(Task to carry out) Write out exactly, and only, the lines below from the line with "Experience serene mountain" through the line with "A brown leather"; pictures do not belong in the copy.

(Extracted entries)

________

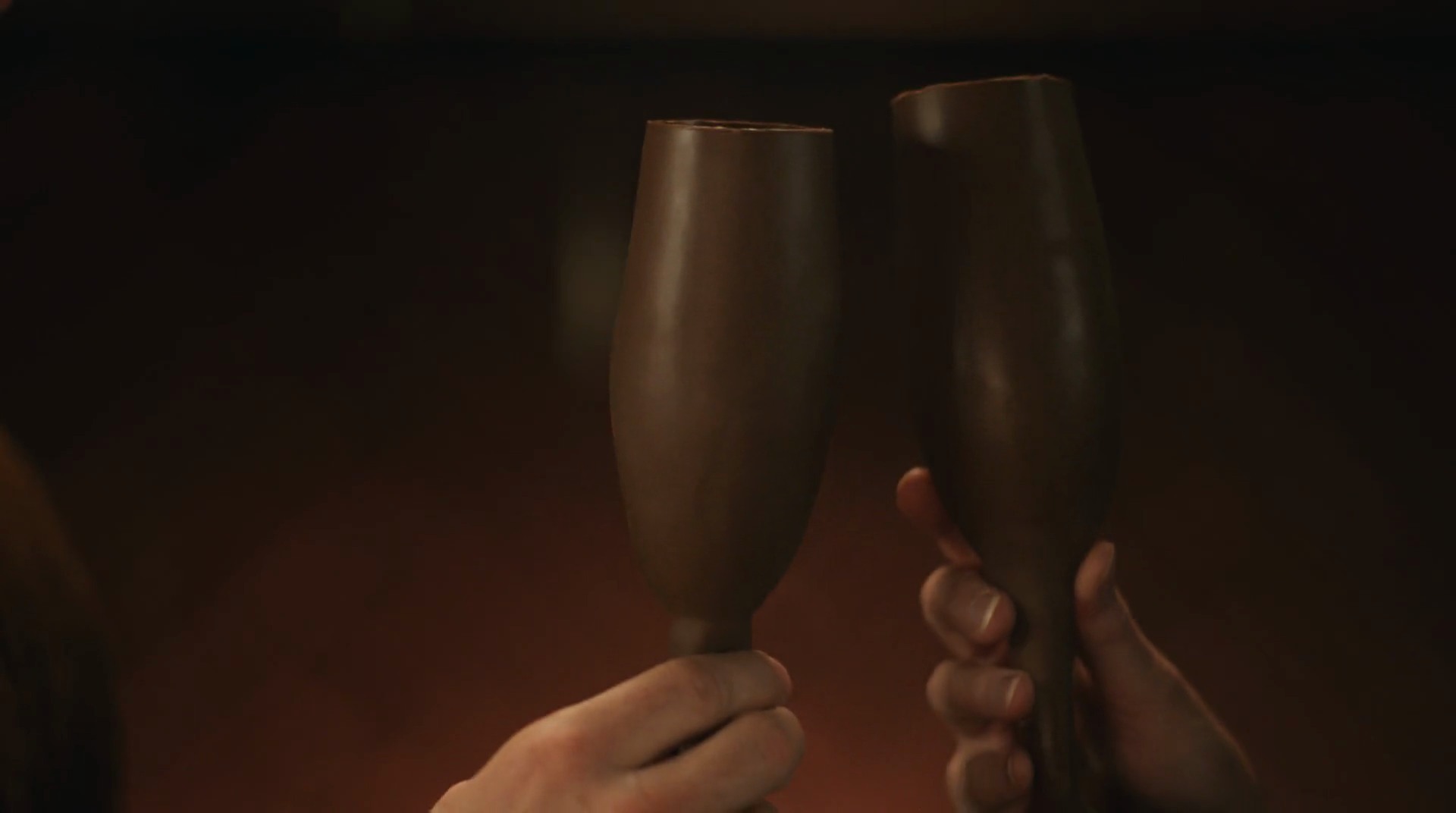 The chocolate-loving audience — the couple toasts with champagne flutes made of chocolate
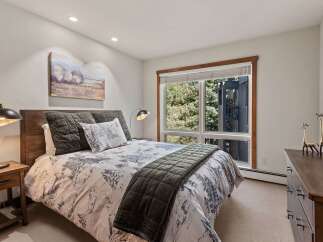 Experience serene mountain living in this charming bedroom, featuring a comfortable queen-size bed adorned with a nature-inspired duvet and plush pillows.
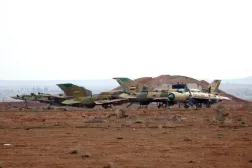 A picture taken on January 21, 2018 shows damaged Syrian air force fighter planes at the Abu Duhur military airport area in Syria's Idlib province. (File/AFP)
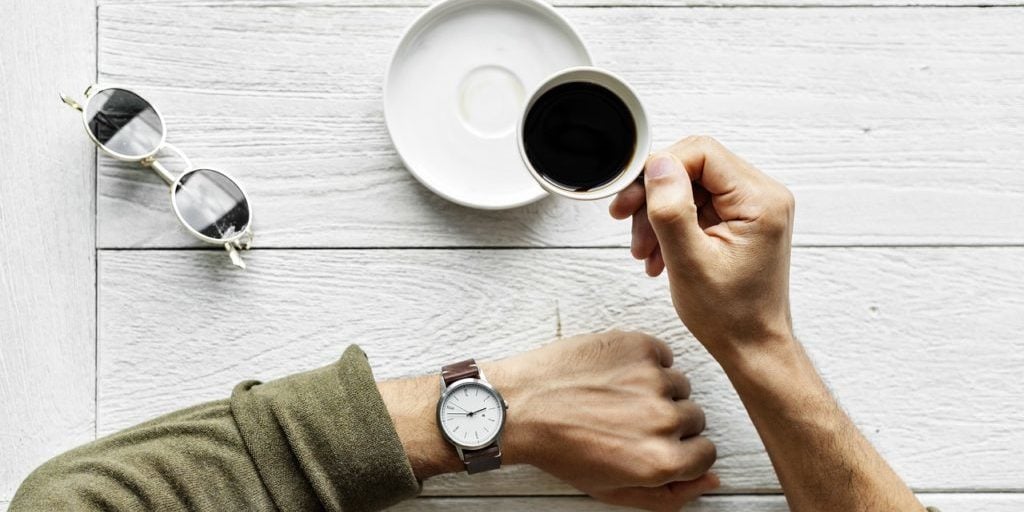 Vista de cima para baixo de uma pessoa checando as horas em seu relógio de pulso enquanto toma um café em uma xícara pequena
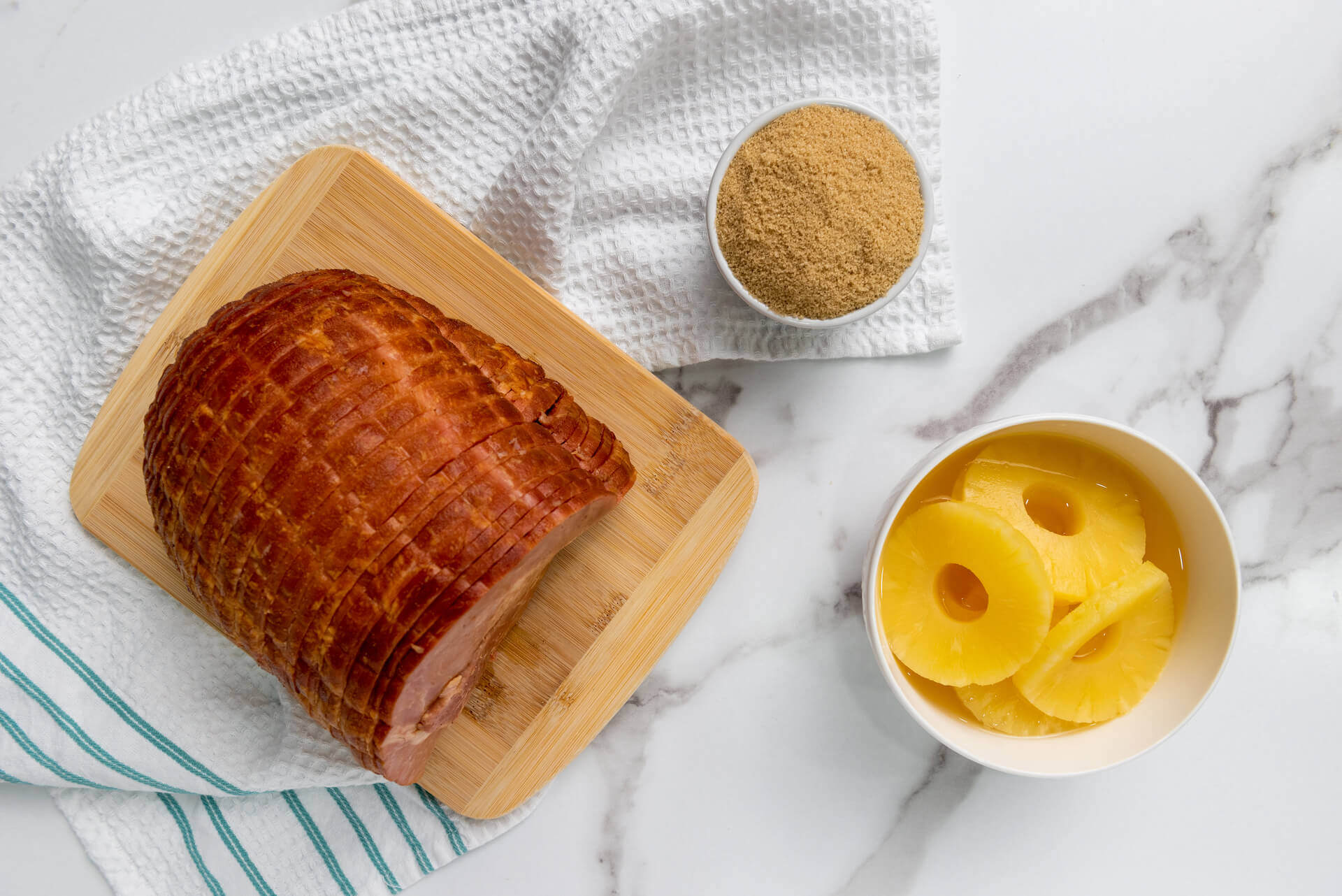 A ham on a cutting board with brown sugar and pineapple.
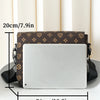 A brown leather crossbody bag with a flap design and a silver-colored laptop inside, shown on a white table.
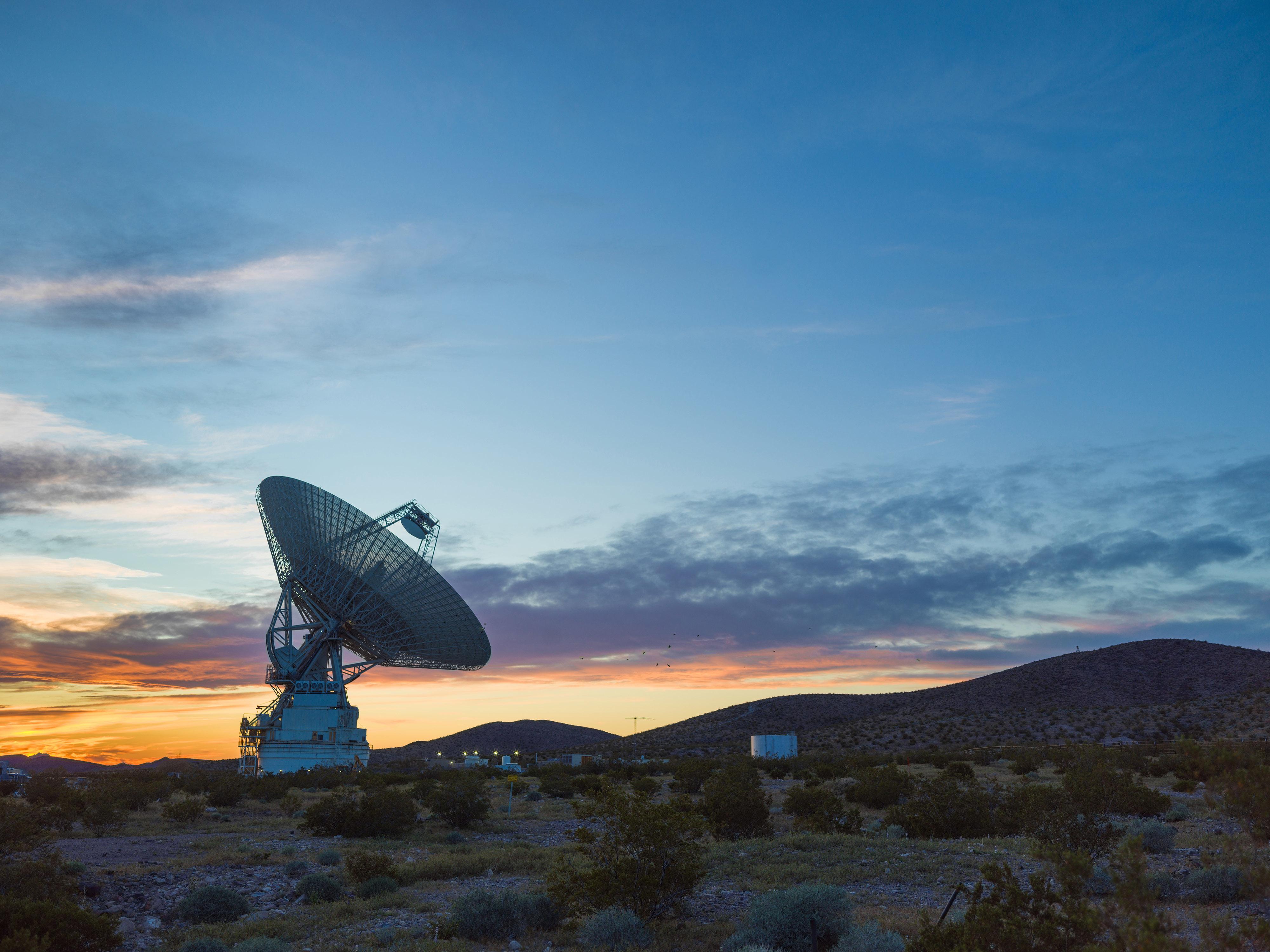 	A radio antenna dish pointed to the sky at twilight.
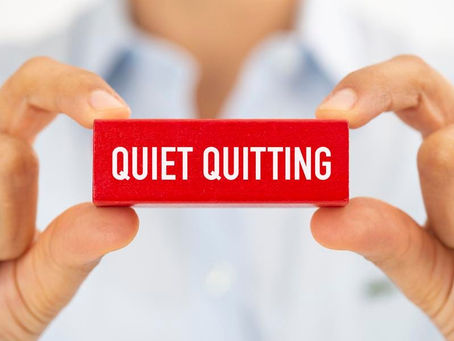Two hands hold a red block displaying the words "QUIET QUITTING," highlighting the current workplace trend of employees doing only what is specified in their job description without going beyond.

________

(Solution to this problem)
 Experience serene mountain living in this charming bedroom, featuring a comfortable queen-size bed adorned with a nature-inspired duvet and plush pillows.
 A picture taken on January 21, 2018 shows damaged Syrian air force fighter planes at the Abu Duhur military airport area in Syria's Idlib province. (File/AFP)
 Vista de cima para baixo de uma pessoa checando as horas em seu relógio de pulso enquanto toma um café em uma xícara pequena
 A ham on a cutting board with brown sugar and pineapple.
 A brown leather crossbody bag with a flap design and a silver-colored laptop inside, shown on a white table.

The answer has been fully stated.